_Aim of the task_. Could you copy exactly the lines from the one containing "TOPSHOT - The" through the last line of the records below, leaving out any pictures?

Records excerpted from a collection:
□ □ □ □

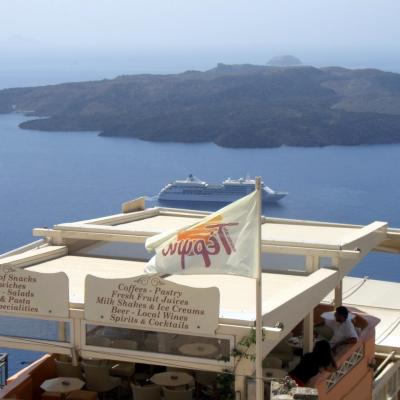 Cafe with view of cruise ship and island Nea Kameni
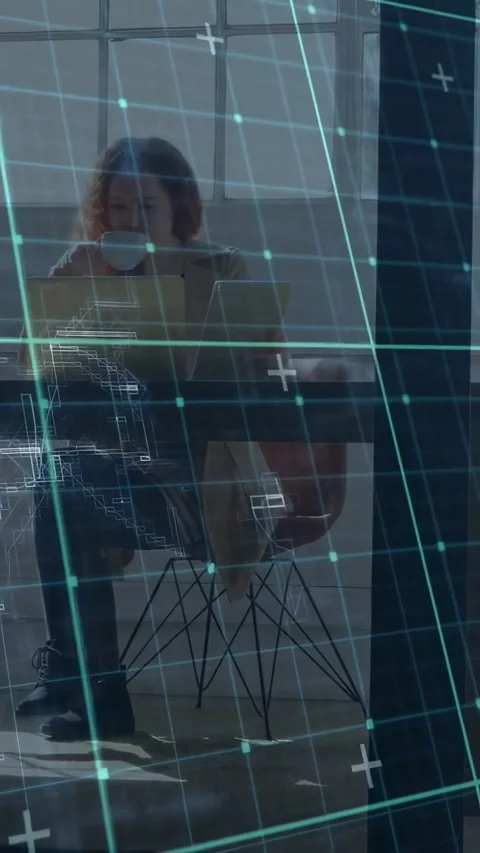 Vertical video: Man tapping laptop, initiating HUD grid scrolling frame while Stock Footage 331271297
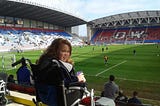 Alex in wheelchair smiling in front of pitch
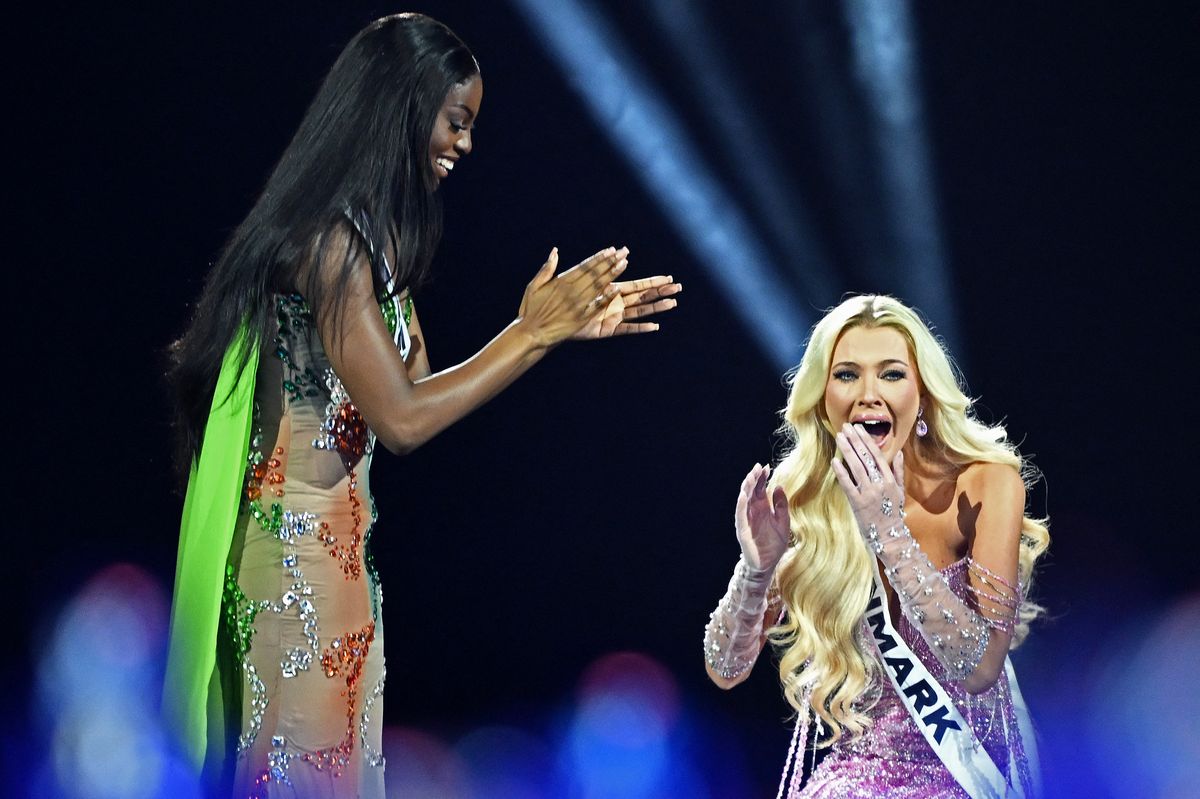 TOPSHOT - The newly crowned Miss Universe 2024, Victoria Kjaer Theilvig (R) from Denmark, reacts next to Miss Nigeria, Chidimma Adetshina, after winning the 73rd edition of the Miss Universe pageant in Mexico City on November 16, 2024. (Photo by CARL DE SOUZA / AFP) (Photo by CARL DE SOUZA/AFP via Getty Images)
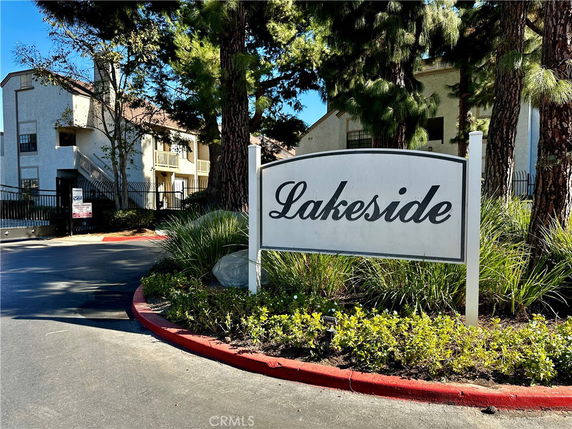Front view of a multi-story building with a gated entrance and a Lakeside sign.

□ □ □ □

_Solution to the problem_.
 TOPSHOT - The newly crowned Miss Universe 2024, Victoria Kjaer Theilvig (R) from Denmark, reacts next to Miss Nigeria, Chidimma Adetshina, after winning the 73rd edition of the Miss Universe pageant in Mexico City on November 16, 2024. (Photo by CARL DE SOUZA / AFP) (Photo by CARL DE SOUZA/AFP via Getty Images)
Front view of a multi-story building with a gated entrance and a Lakeside sign.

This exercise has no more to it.